To measure self-report consistency, a differential item functioning review of HBDI was published in 2007 by Jared Lees. However, his tests were supported by EduMetrics, a company on contract with Herrmann International to evaluate the system, and were therefore not completely independent.

===Lateralization===
Ned Herrmann's original research for the HBDI was rooted in the lateralization of brain function theory championed by Gazzaniga and others that associates key thinking styles with a specific neuroanatomical systems in the human brain.

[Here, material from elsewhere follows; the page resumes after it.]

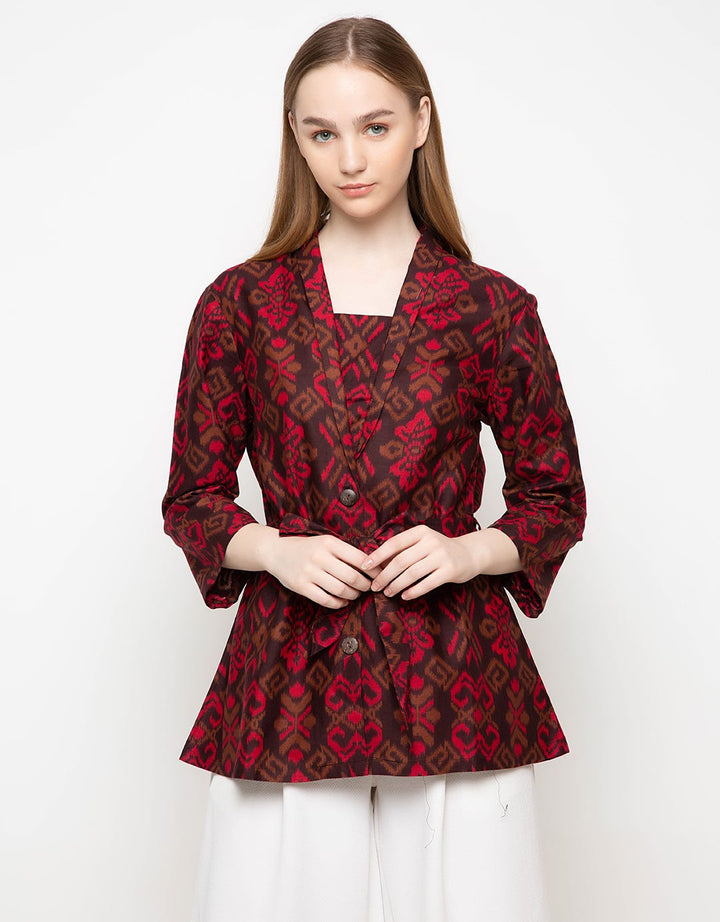Adikusuma Blouse Batik with Jepara Woven Motif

The notion of hemisphere dominance attracted some criticism from the neuroscience community, notably by Terence Hines who called it "pop psychology" based on unpublished EEG data. He asserts that current literature instead found that both hemispheres are always involved in cognitive tasks and attempting to strengthen a specific hemisphere does not improve creativity, for example. Hines stated "No evidence is presented to show that these 'brain dominance measures' measure anything related to the differences between the two hemispheres. In other words, no evidence of validity [of hemisphere dominance] is presented.".

===Creativity===
Herrmann offered creativity workshops based on leveraging all the quadrants within the Whole Brain Model, rather than focusing on physiological attributes, strengthening particular thinking styles and strengthening the right hemisphere, which received critiques that creativity is not localized to a particular thinking style nor to a particular hemisphere.

A study published in the peer reviewed Creativity Research Journal in 2005 by J. Meneely and M. Portillo agreed that creativity is not localized into a particular thinking style, such as a right-brain dominance resulting in more creativity. They did however find correlation between creativity in design students based on how flexible they were using all four thinking styles equally as measured by the HBDI. When students were less entrenched in a specific style of thinking they measured higher creativity using Domino's Creativity Scale (ACL-Cr).